В новейшей историографии образование специальной светской администрации для неправославных вероисповеданий трактуется в двух перспективах. Е.А. Вишленкова связывает его с правительственным мистицизмом и экуменизмом александровской эпохи, с тем направлением религиозной политики, для которого конфессиональная обособленность была препятствием к утверждению высшей, подлинно духовной религиозности. Тот факт, что под началом Голицына вместе с Римско-католической коллегией, протестантскими консисториями, исламскими институциями, а с 1817 года – и православным Синодом находился также Комитет Российского Библейского общества, выполнявший программу евангелизации населения империи, приобретает под этим углом зрения особое значение. Согласно Вишленковой, широко понятый идеал «общехристианского государства» («[В]се церковные учреждения рассматривались как низшая ступень религиозности, неизбежная в условиях непросвещенного общества») облегчил исполнение назревшей технической задачи централизации конфессионального надзора: «Сама по себе идея учреждения Главного Управления (духовных дел иностранных исповеданий. – М.Д.) свидетельствовала об утверждении мистического понимания назначения “внешних”, исторических церквей в государстве. Его создание олицетворяло идею единения церковных учреждений, в смысле их механического объединения под руководством верховной власти. Рассматривая церковь “внешнюю” как политический институт, правительственные мистики полагали, что существо “истинной” веры это не затронет»[116].

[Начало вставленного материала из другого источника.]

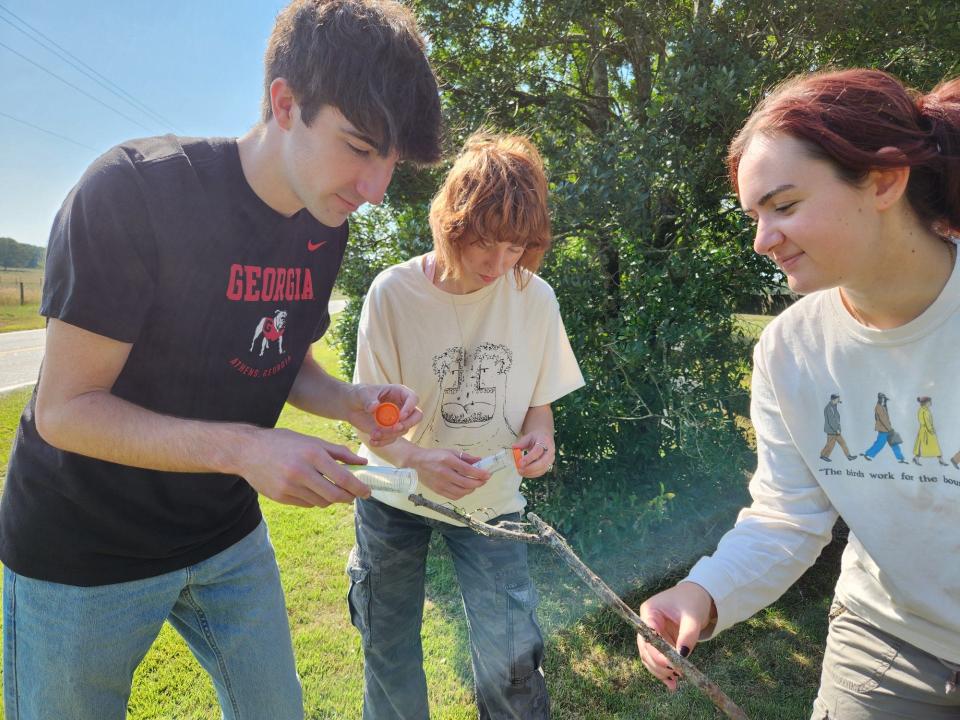 UGA students Kade Stewart, Alexa Schultz and Caitlin Phelan collect Joro spiders for their study project.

Этот тезис звучит оригинально, но его трудно признать полностью доказанным. Так, попробуем, исходя из концепции Вишленковой, ответить на следующий вопрос. Чем в первую очередь была вызвана предпринятая в 1810-х годах попытка добиться для католической церкви в России статуса автономной от Святого престола[117] – опасением, что власть папы римского помешает едва только начатой надконфессиональной проповеди «евангельского христианства» (тогдашний понтифик отвергал какое бы то ни было сотрудничество с Библейским обществом), или унаследованным от Екатерины II иозефинистским намерением искоренить любые формы лояльности духовным авторитетам за пределами государства? Если первое, то удивляет упорство, с которым Александр I, Голицын и митрополит Сестренцевич старались получить для реализации проекта санкцию самого папы, презираемого ими главы «внешней» церкви (причем, не получив ее, они отказались от затеи). Если второе, то надо объяснить, как новейшая евангелизация сочеталась с прежней стратегией насаждения конфессиональной дисциплины.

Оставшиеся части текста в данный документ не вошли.